WHAT TO WORK ON
Would you set down every line of the data below exactly as it reads?

- Opening Delimiter -

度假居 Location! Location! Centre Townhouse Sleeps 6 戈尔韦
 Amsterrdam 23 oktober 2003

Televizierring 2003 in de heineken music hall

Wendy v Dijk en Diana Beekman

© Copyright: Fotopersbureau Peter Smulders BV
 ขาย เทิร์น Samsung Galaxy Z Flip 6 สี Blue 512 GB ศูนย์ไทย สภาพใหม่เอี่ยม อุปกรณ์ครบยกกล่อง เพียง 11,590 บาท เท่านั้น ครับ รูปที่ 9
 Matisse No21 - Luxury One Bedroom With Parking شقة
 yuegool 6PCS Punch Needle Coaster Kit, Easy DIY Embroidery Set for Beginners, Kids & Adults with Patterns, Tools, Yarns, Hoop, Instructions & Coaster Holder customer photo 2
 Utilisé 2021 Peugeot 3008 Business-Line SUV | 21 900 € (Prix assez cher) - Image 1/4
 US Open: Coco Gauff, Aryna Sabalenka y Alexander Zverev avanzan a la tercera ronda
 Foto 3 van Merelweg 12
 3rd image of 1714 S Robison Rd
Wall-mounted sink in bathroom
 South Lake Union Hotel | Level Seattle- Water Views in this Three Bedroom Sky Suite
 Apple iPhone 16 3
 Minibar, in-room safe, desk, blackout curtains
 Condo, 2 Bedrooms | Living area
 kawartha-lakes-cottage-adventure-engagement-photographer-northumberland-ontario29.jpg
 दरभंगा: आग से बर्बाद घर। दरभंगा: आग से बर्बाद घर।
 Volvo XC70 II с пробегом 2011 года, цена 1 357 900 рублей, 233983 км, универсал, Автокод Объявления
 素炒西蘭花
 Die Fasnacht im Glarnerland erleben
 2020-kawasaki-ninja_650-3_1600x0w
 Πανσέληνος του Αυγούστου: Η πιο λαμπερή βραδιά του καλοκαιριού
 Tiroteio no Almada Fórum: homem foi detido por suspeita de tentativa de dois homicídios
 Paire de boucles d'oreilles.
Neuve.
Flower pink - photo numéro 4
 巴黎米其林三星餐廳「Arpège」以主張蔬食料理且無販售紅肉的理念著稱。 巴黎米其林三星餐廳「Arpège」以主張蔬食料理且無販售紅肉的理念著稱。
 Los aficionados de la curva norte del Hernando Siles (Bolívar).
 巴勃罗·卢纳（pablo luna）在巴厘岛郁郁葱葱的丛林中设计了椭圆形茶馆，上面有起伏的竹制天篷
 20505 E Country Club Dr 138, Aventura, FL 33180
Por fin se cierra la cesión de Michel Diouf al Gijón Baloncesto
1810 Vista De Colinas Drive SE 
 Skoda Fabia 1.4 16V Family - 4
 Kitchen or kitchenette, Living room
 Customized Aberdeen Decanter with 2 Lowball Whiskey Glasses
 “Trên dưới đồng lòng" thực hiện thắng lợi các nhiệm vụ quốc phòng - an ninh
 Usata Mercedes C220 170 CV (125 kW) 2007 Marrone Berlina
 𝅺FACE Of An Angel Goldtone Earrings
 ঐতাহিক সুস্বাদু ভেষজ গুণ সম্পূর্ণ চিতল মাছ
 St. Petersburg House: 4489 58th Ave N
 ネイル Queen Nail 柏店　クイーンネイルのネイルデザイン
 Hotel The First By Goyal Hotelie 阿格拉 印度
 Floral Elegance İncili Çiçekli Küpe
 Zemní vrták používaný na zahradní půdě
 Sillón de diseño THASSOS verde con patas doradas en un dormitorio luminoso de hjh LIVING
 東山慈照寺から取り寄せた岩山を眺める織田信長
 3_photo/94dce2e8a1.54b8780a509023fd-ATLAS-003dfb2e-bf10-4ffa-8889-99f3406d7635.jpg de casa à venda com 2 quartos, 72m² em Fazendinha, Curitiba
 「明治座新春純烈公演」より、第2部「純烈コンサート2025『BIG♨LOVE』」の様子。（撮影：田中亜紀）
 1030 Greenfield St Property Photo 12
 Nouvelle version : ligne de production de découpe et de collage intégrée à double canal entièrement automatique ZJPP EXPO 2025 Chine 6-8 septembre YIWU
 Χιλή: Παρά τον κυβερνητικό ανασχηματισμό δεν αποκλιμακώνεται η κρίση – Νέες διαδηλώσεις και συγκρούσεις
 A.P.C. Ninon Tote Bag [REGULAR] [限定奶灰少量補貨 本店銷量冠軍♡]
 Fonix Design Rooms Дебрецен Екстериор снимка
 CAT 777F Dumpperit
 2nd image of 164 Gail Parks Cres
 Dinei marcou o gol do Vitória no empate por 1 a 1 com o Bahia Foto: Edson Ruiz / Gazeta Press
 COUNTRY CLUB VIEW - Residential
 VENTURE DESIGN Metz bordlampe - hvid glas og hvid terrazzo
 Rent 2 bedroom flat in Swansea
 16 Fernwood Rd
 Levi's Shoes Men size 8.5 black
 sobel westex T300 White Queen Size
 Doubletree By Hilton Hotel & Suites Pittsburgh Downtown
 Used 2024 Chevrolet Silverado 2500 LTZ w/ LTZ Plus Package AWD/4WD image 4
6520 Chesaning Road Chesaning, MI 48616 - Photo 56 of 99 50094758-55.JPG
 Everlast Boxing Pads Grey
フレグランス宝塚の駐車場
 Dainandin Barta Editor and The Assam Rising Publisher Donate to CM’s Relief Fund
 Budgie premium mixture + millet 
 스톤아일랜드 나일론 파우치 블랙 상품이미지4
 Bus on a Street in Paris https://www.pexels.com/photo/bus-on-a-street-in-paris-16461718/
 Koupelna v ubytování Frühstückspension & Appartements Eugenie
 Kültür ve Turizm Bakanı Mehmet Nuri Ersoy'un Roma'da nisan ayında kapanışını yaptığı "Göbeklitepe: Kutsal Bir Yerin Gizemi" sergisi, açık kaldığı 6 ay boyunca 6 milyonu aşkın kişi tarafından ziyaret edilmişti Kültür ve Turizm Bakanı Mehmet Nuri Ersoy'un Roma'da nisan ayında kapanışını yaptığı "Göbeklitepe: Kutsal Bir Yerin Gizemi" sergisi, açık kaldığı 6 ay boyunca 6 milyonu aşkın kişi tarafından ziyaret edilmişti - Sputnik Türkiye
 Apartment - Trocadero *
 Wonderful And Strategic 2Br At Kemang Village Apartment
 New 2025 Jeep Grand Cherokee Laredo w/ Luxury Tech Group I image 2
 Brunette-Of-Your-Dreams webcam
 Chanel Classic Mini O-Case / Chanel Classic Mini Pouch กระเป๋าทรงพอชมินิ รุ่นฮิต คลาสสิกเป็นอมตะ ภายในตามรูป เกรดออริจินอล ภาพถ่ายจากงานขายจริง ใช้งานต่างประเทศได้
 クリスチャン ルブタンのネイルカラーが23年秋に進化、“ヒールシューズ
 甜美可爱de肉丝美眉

- Closing Delimiter -

TASK SOLUTION
度假居 Location! Location! Centre Townhouse Sleeps 6 戈尔韦
 Amsterrdam 23 oktober 2003

Televizierring 2003 in de heineken music hall

Wendy v Dijk en Diana Beekman

© Copyright: Fotopersbureau Peter Smulders BV
 ขาย เทิร์น Samsung Galaxy Z Flip 6 สี Blue 512 GB ศูนย์ไทย สภาพใหม่เอี่ยม อุปกรณ์ครบยกกล่อง เพียง 11,590 บาท เท่านั้น ครับ รูปที่ 9
 Matisse No21 - Luxury One Bedroom With Parking شقة
 yuegool 6PCS Punch Needle Coaster Kit, Easy DIY Embroidery Set for Beginners, Kids & Adults with Patterns, Tools, Yarns, Hoop, Instructions & Coaster Holder customer photo 2
 Utilisé 2021 Peugeot 3008 Business-Line SUV | 21 900 € (Prix assez cher) - Image 1/4
 US Open: Coco Gauff, Aryna Sabalenka y Alexander Zverev avanzan a la tercera ronda
 Foto 3 van Merelweg 12
 3rd image of 1714 S Robison Rd
Wall-mounted sink in bathroom
 South Lake Union Hotel | Level Seattle- Water Views in this Three Bedroom Sky Suite
 Apple iPhone 16 3
 Minibar, in-room safe, desk, blackout curtains
 Condo, 2 Bedrooms | Living area
 kawartha-lakes-cottage-adventure-engagement-photographer-northumberland-ontario29.jpg
 दरभंगा: आग से बर्बाद घर। दरभंगा: आग से बर्बाद घर।
 Volvo XC70 II с пробегом 2011 года, цена 1 357 900 рублей, 233983 км, универсал, Автокод Объявления
 素炒西蘭花
 Die Fasnacht im Glarnerland erleben
 2020-kawasaki-ninja_650-3_1600x0w
 Πανσέληνος του Αυγούστου: Η πιο λαμπερή βραδιά του καλοκαιριού
 Tiroteio no Almada Fórum: homem foi detido por suspeita de tentativa de dois homicídios
 Paire de boucles d'oreilles.
Neuve.
Flower pink - photo numéro 4
 巴黎米其林三星餐廳「Arpège」以主張蔬食料理且無販售紅肉的理念著稱。 巴黎米其林三星餐廳「Arpège」以主張蔬食料理且無販售紅肉的理念著稱。
 Los aficionados de la curva norte del Hernando Siles (Bolívar).
 巴勃罗·卢纳（pablo luna）在巴厘岛郁郁葱葱的丛林中设计了椭圆形茶馆，上面有起伏的竹制天篷
 20505 E Country Club Dr 138, Aventura, FL 33180
Por fin se cierra la cesión de Michel Diouf al Gijón Baloncesto
1810 Vista De Colinas Drive SE 
 Skoda Fabia 1.4 16V Family - 4
 Kitchen or kitchenette, Living room
 Customized Aberdeen Decanter with 2 Lowball Whiskey Glasses
 “Trên dưới đồng lòng" thực hiện thắng lợi các nhiệm vụ quốc phòng - an ninh
 Usata Mercedes C220 170 CV (125 kW) 2007 Marrone Berlina
 𝅺FACE Of An Angel Goldtone Earrings
 ঐতাহিক সুস্বাদু ভেষজ গুণ সম্পূর্ণ চিতল মাছ
 St. Petersburg House: 4489 58th Ave N
 ネイル Queen Nail 柏店　クイーンネイルのネイルデザイン
 Hotel The First By Goyal Hotelie 阿格拉 印度
 Floral Elegance İncili Çiçekli Küpe
 Zemní vrták používaný na zahradní půdě
 Sillón de diseño THASSOS verde con patas doradas en un dormitorio luminoso de hjh LIVING
 東山慈照寺から取り寄せた岩山を眺める織田信長
 3_photo/94dce2e8a1.54b8780a509023fd-ATLAS-003dfb2e-bf10-4ffa-8889-99f3406d7635.jpg de casa à venda com 2 quartos, 72m² em Fazendinha, Curitiba
 「明治座新春純烈公演」より、第2部「純烈コンサート2025『BIG♨LOVE』」の様子。（撮影：田中亜紀）
 1030 Greenfield St Property Photo 12
 Nouvelle version : ligne de production de découpe et de collage intégrée à double canal entièrement automatique ZJPP EXPO 2025 Chine 6-8 septembre YIWU
 Χιλή: Παρά τον κυβερνητικό ανασχηματισμό δεν αποκλιμακώνεται η κρίση – Νέες διαδηλώσεις και συγκρούσεις
 A.P.C. Ninon Tote Bag [REGULAR] [限定奶灰少量補貨 本店銷量冠軍♡]
 Fonix Design Rooms Дебрецен Екстериор снимка
 CAT 777F Dumpperit
 2nd image of 164 Gail Parks Cres
 Dinei marcou o gol do Vitória no empate por 1 a 1 com o Bahia Foto: Edson Ruiz / Gazeta Press
 COUNTRY CLUB VIEW - Residential
 VENTURE DESIGN Metz bordlampe - hvid glas og hvid terrazzo
 Rent 2 bedroom flat in Swansea
 16 Fernwood Rd
 Levi's Shoes Men size 8.5 black
 sobel westex T300 White Queen Size
 Doubletree By Hilton Hotel & Suites Pittsburgh Downtown
 Used 2024 Chevrolet Silverado 2500 LTZ w/ LTZ Plus Package AWD/4WD image 4
6520 Chesaning Road Chesaning, MI 48616 - Photo 56 of 99 50094758-55.JPG
 Everlast Boxing Pads Grey
フレグランス宝塚の駐車場
 Dainandin Barta Editor and The Assam Rising Publisher Donate to CM’s Relief Fund
 Budgie premium mixture + millet 
 스톤아일랜드 나일론 파우치 블랙 상품이미지4
 Bus on a Street in Paris https://www.pexels.com/photo/bus-on-a-street-in-paris-16461718/
 Koupelna v ubytování Frühstückspension & Appartements Eugenie
 Kültür ve Turizm Bakanı Mehmet Nuri Ersoy'un Roma'da nisan ayında kapanışını yaptığı "Göbeklitepe: Kutsal Bir Yerin Gizemi" sergisi, açık kaldığı 6 ay boyunca 6 milyonu aşkın kişi tarafından ziyaret edilmişti Kültür ve Turizm Bakanı Mehmet Nuri Ersoy'un Roma'da nisan ayında kapanışını yaptığı "Göbeklitepe: Kutsal Bir Yerin Gizemi" sergisi, açık kaldığı 6 ay boyunca 6 milyonu aşkın kişi tarafından ziyaret edilmişti - Sputnik Türkiye
 Apartment - Trocadero *
 Wonderful And Strategic 2Br At Kemang Village Apartment
 New 2025 Jeep Grand Cherokee Laredo w/ Luxury Tech Group I image 2
 Brunette-Of-Your-Dreams webcam
 Chanel Classic Mini O-Case / Chanel Classic Mini Pouch กระเป๋าทรงพอชมินิ รุ่นฮิต คลาสสิกเป็นอมตะ ภายในตามรูป เกรดออริจินอล ภาพถ่ายจากงานขายจริง ใช้งานต่างประเทศได้
 クリスチャン ルブタンのネイルカラーが23年秋に進化、“ヒールシューズ
 甜美可爱de肉丝美眉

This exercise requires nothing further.